Now I am back in my room, trying to write 1000 words a day. Actually that's not so much, but it can feel like a mountain. If I go away on a retreat it's easy to write much more than that. I have also realised that I far prefer writing longhand, then typing it up. It's as if the distance from brain to paper isn't so huge than from brain to type.
I have also started research for my play about Red Spot Babies. I have interviewed a 90 yr old home visitor, and been reading through books about the study of 1000 families. There is alot of stuff about mothering, less about fathers. The main result of the research was that poverty killed babies, not ineffectual mothers. It's interesting stuff...but I have no idea yet what the story will be.
This afternoon I am going up the coast with Emma H...she is going to paint, while I scribble notes. It's such incredible, warm weather it seems mad not to get out of the city.Posted by julia @ 11:46 AM GMT
Tuesday, September 9, 2003
Last night was the event at APARTMENT, with paintings by Emma Holliday and poems by me. It was a great place, very swanky, with low sofas and cushions. I particularly like venues where I can lie down if necessary! There were hundreds of lovely people there...everywhere you looked. Then at about eight o clock, it suddenly became a night club and all the lights dimmed. I find Emma's paintings very exciting and alive. I hope we can do some more collaborating...I would like to tag along when she takes her easel somewhere, and sit on the grass/sand/a nearby bench with my notebook. I find the best thing about working with artists is that it creates a whole new seam of work that wouldn't happen without the inspiration of another's visual eye.

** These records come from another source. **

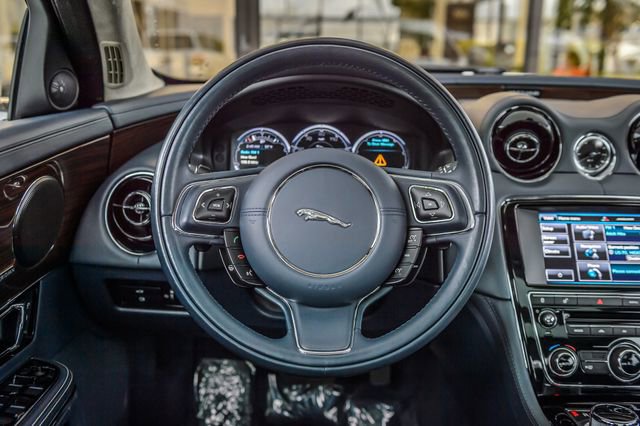 Used 2015 Jaguar XJ L Portfolio image 29
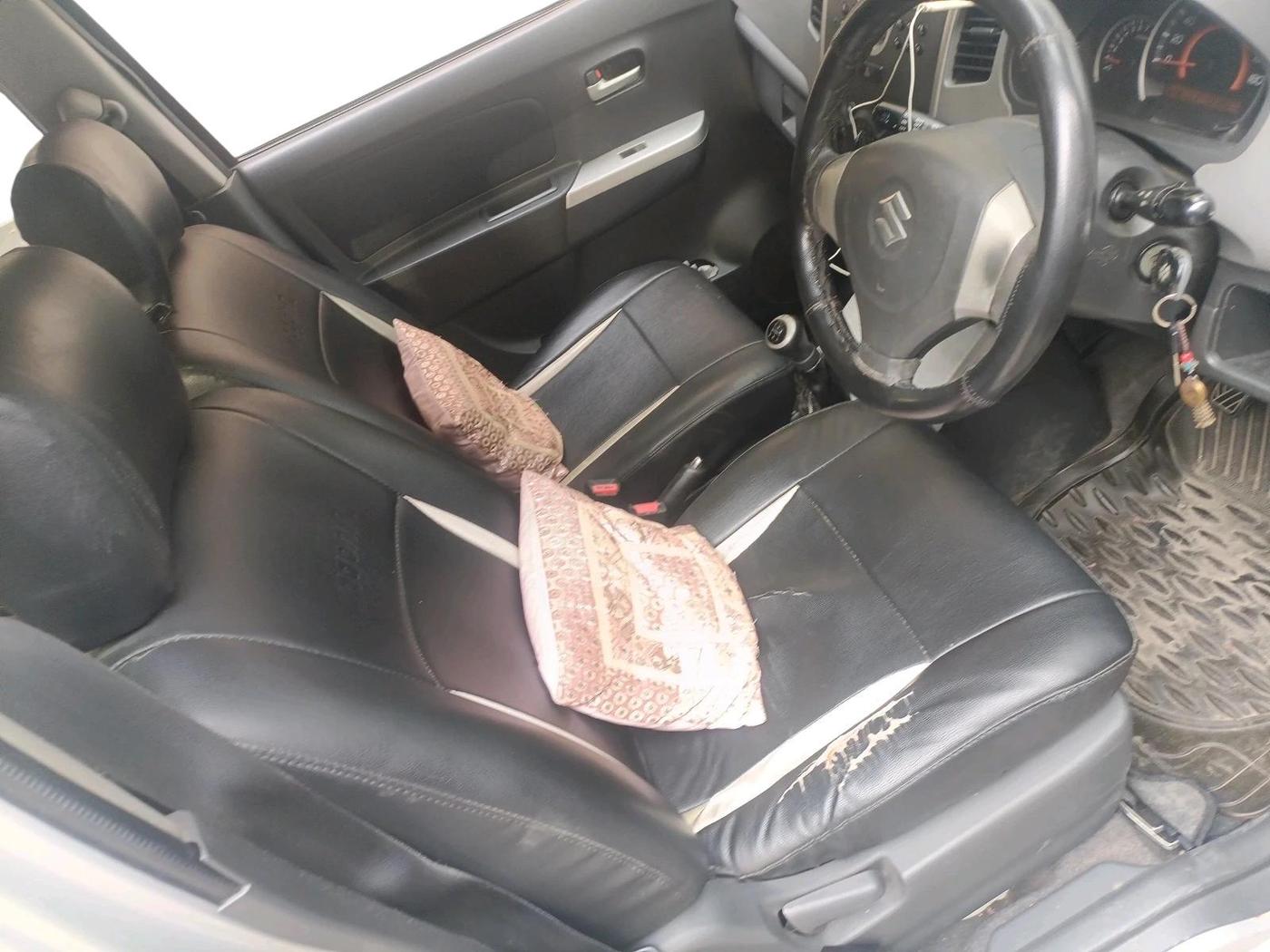 2011 Maruti Wagon R 1.0 VXI, Petrol, Manual, 1,31,809 km, interior
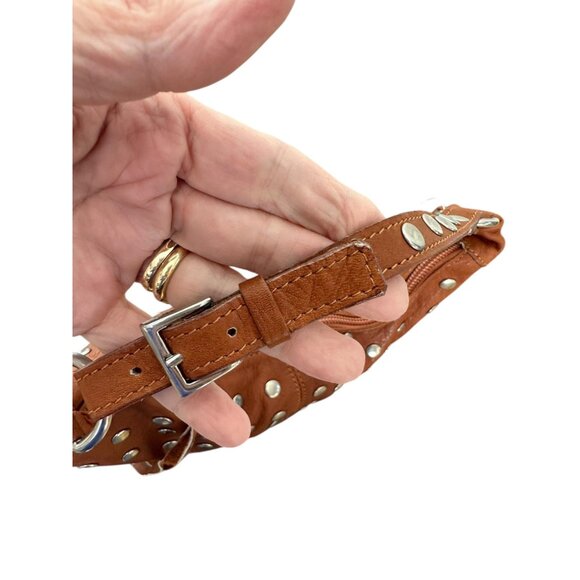 1980s/90s leather handbag with silver metal studs on front and back by Doncaster - Picture 3 of 7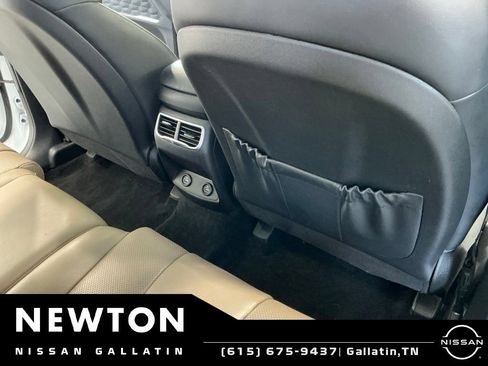 Used 2022 Hyundai Santa Fe SEL w/ Convenience + Premium Package FWD image 17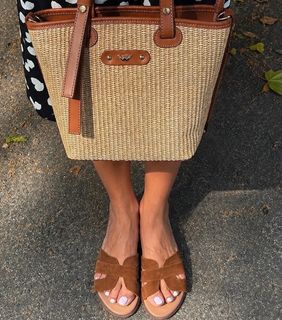 Anna Mucha feet photo 3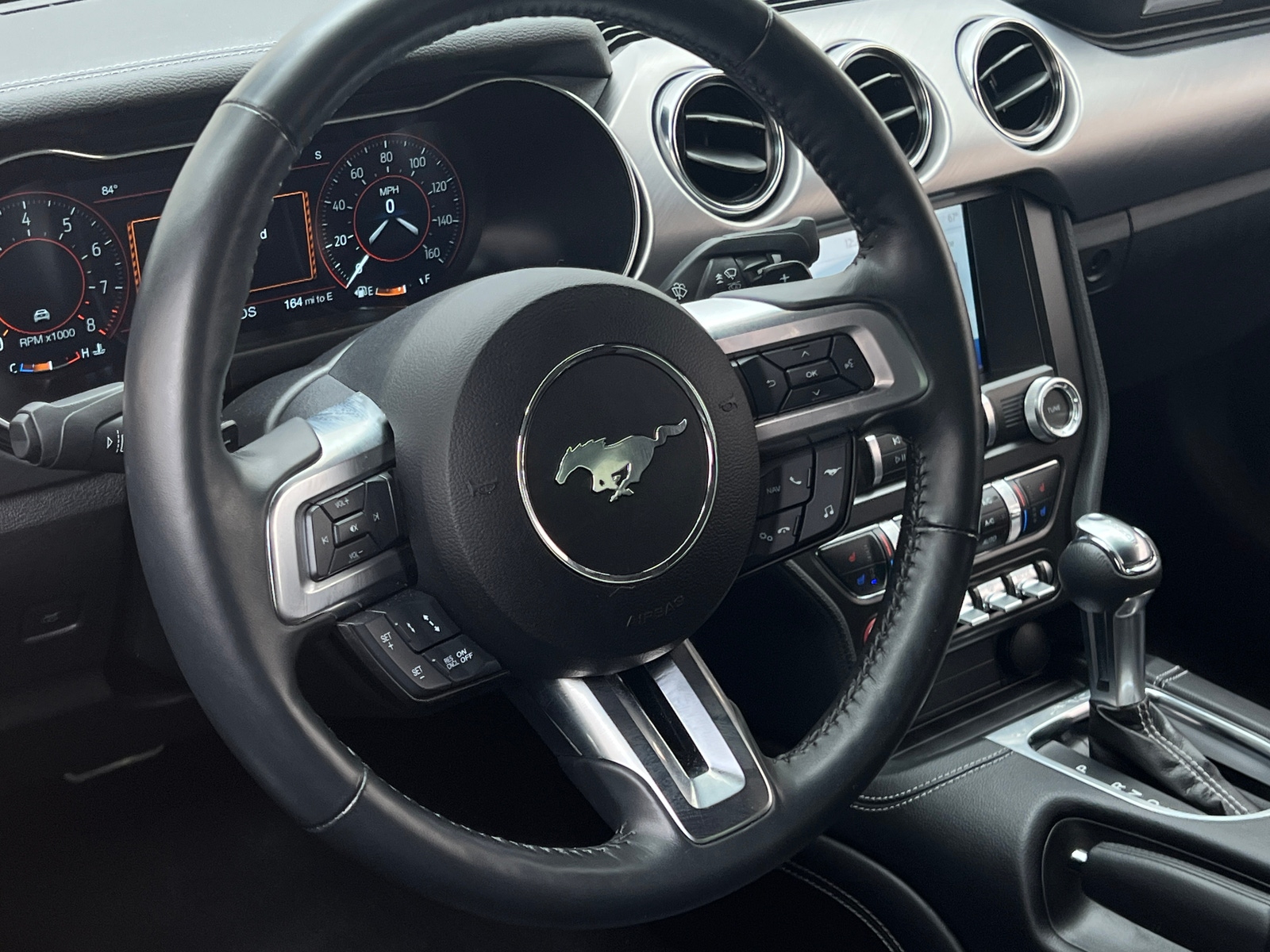 Thumbnail: 2022 Ford Mustang - 3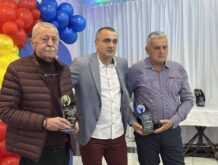 Četrdeset godina jednog sna – srećno prijatelji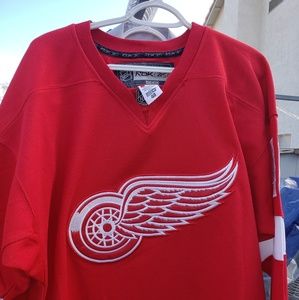 Red Wings Jersey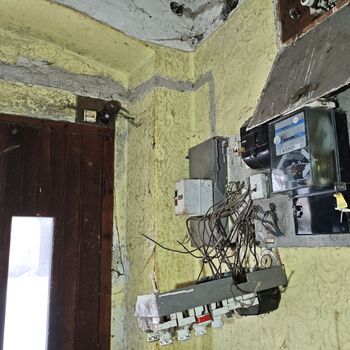 What happened here? The abandoned, well-preserved farmstead of Mr. Václav...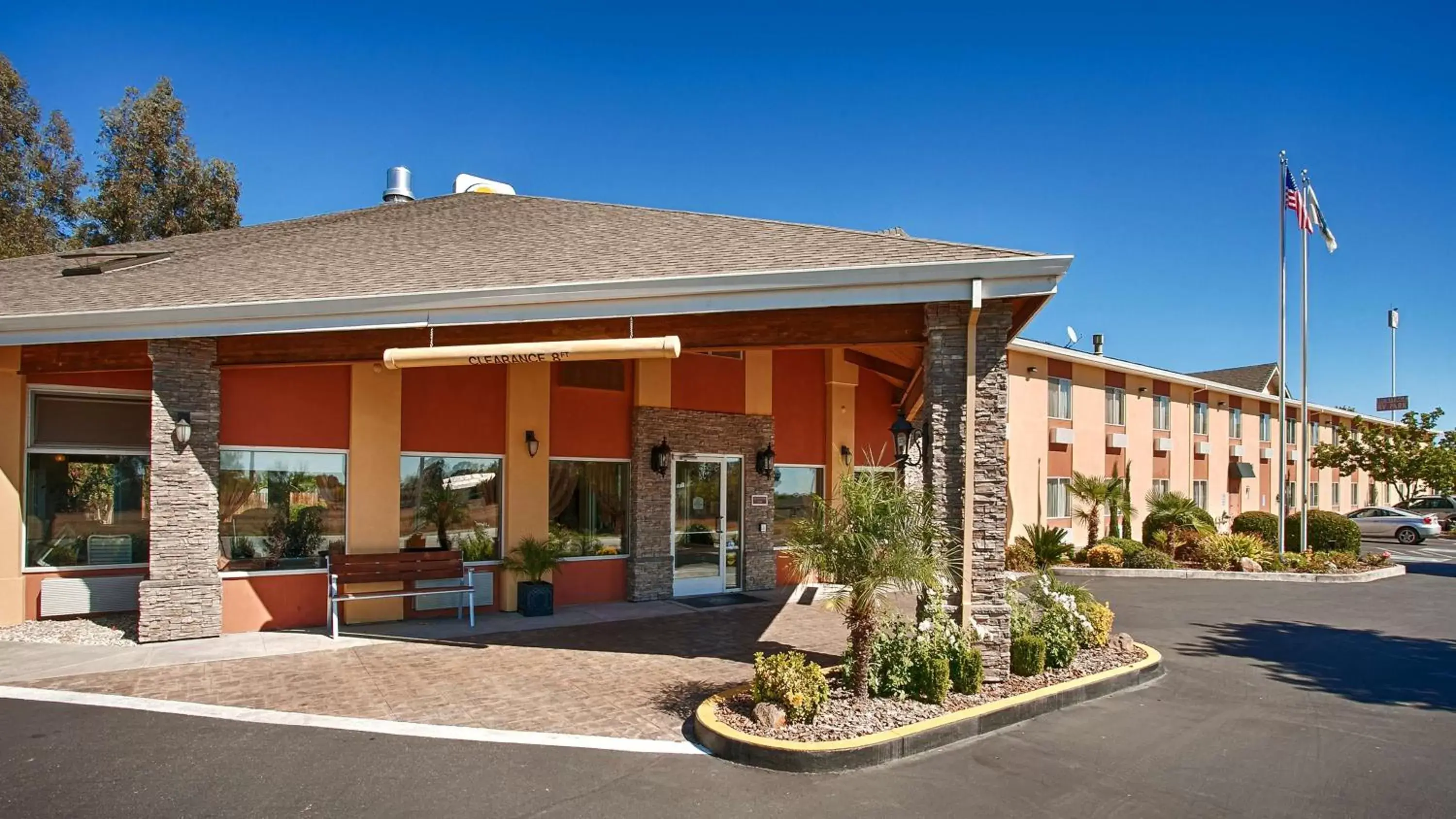 Property Building in Best Western Plus Corning Inn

I am working on the new novel again now, and also beginning the research for a new play for Live Theatre next year about Red Spot Babies. In the forties health authorities realised there were more infant deaths in the North east than anywhere else, so they set up a health survey, taking a thousand babies in the area and following their lives and environments closely right up until today. So there is masses of data and information about all these people. The play could be about so many things. Anyway, next week I am visiting a 90 yr old who was a home visitor/nurse for the project. It's all very interesting, and I have no idea yet what the play will be about.
I'm reading Brick Lane by Monica Ali. It's a marvelous book. I long to return to it. The only thing I don't like about it is that large parts of it are in italics. I really dislike italics when I am reading, as they get in the way of being 'inside' the story...you are always thinking 'Here I am reading italics.'
I have had a cheerful thought about the booker longlist. The writers who do not make the shortlist will be wonderful company as there are so many good books on the list.
I am all over the place this Autumn: Kings Lynn, Derby, Ilkley, Cheltenham, Belfast, Hebden Bridge, Cockermouth, Warwick, Hull and York. Many complimentary soaps, English breakfasts and hand shakes.